By Chris M. Junior
Their concerts could be unpredictable, and the same can be said of The Doors whenever they appeared on television.
Whether engaged or indifferent, though, the band was always worth watching, and “R-Evolution” (now available on DVD and Blu-ray from Eagle Rock Entertainment) collects many prime Doors TV appearances, plus music films made during and after their heyday.
“R-Evolution” is sequenced chronologically, starting with the no-frills, effective January 1967 film for “Break on Through (To the Other Side)” and ending with 1995’s “Ghost Song,” a video for a track on 1978’s “An American Prayer” album (for which keyboardist Ray Manzarek, guitarist Robby Krieger and drummer John Densmore recorded music to support late singer Jim Morrison’s poetry readings).
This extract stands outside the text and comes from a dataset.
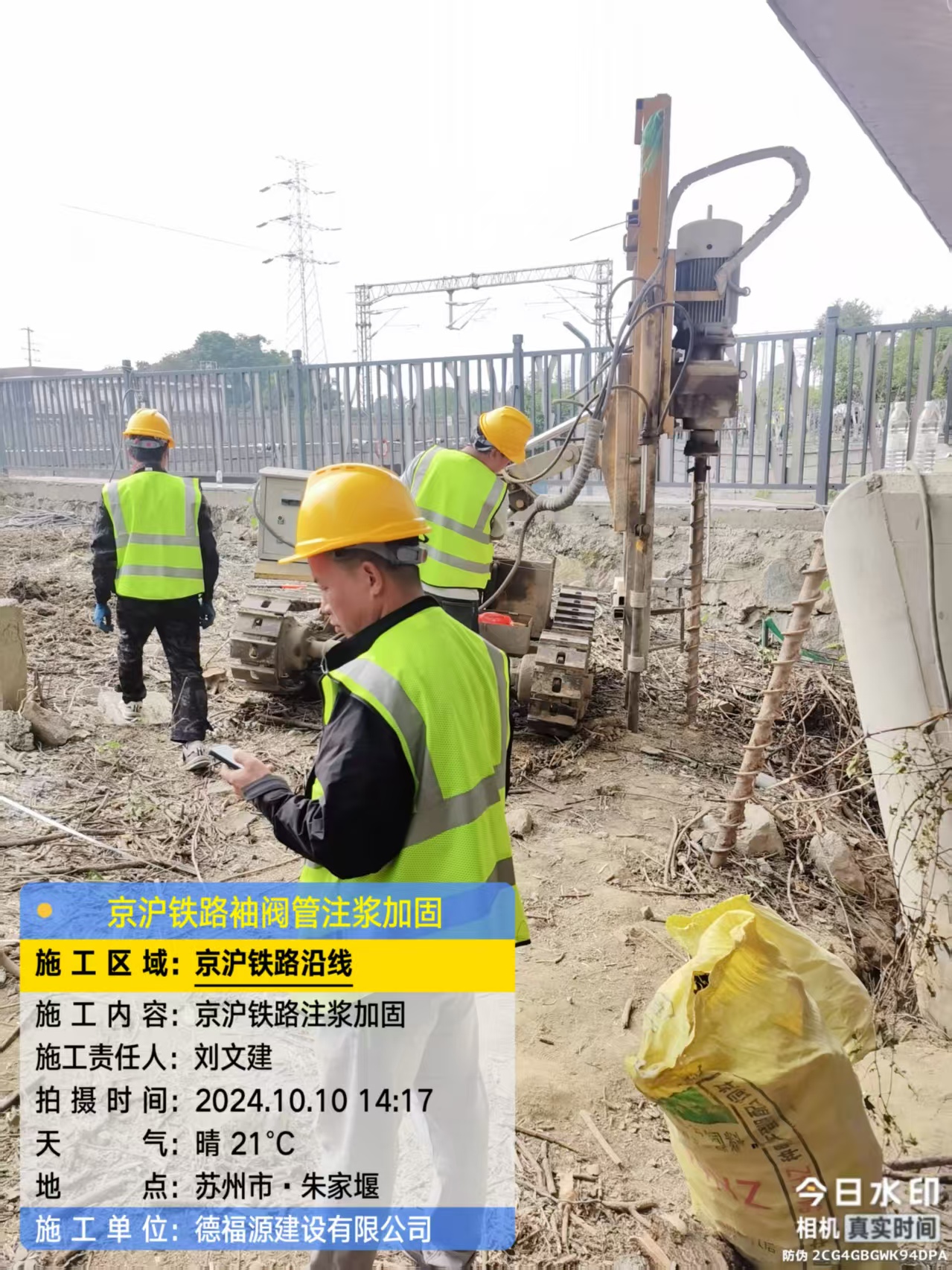 崖城镇袖阀管注浆工艺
Seven of the 19 clips are from 1967, the year The Doors broke through nationally, including a stiff, unenthusiastic lip-synch performance of “Break on Through” on “Shebang” (hosted by Casey Kasem) and a strong live-Morrison-vocal rendition of “Moonlight Drive” from “The Jonathan Winters Show.”
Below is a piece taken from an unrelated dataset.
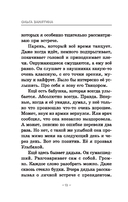 Пожалуйста, не бегите по эскалатору — фото, картинка — 12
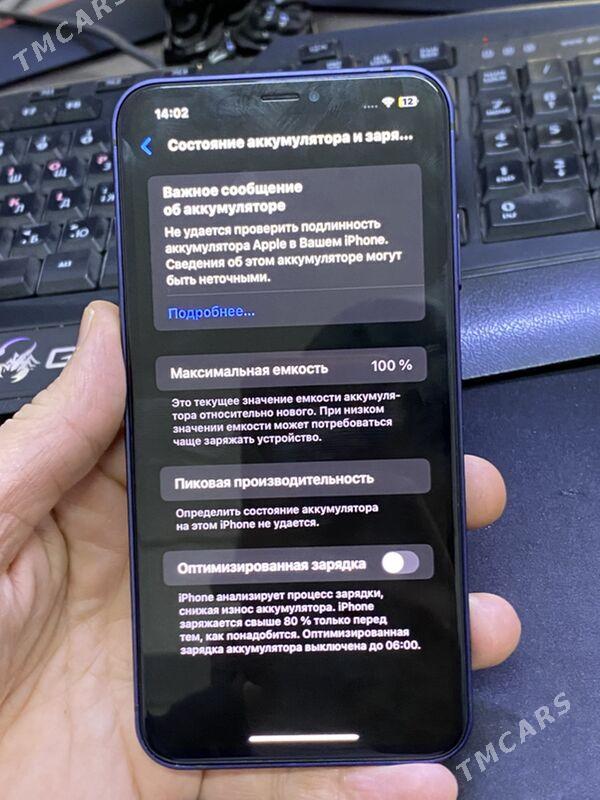 iPhone XS Max 17pro max - Balkanabat - img 4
Just like with Eagle Rock’s 2012 release of “Live at the Bowl ’68,” it’s the bonus features that make this video collection a worthwhile purchase for diehard Doors fans. In the documentary “Breaking Through the Lens,” Manzarek, Krieger, Densmore, engineer-producer Bruce Botnick and Elektra Records founder Jac Holzman provide recent commentary and insight into the clips. Krieger talks about his brother standing in for Morrison when the singer failed to show up with the rest of the band to shoot a lip-synch performance of “Light My Fire” for the short-lived show “Malibu U.” (Krieger’s brother was filmed from behind, and afterward, Morrison — wearing the same striped shirt for continuity — was filmed from the front and edited into the clip.) Other bonus features include “Malibu U” outtakes and “Love Thy Customer,” a 1966 Ford training film with Doors music.
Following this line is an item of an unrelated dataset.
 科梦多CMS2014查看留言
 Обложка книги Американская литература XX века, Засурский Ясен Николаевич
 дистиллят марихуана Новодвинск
Noticeably absent from “R-Evolution” are clips of The Doors doing “People Are Strange” and “Light My Fire” on “The Ed Sullivan Show” in September 1967 (most likely due to licensing issues), and there are no performances from the band’s 1969 appearance on the PBS series “Critique.” Even so, “R-Evolution” does a good job tracing the video arc and growth of The Doors.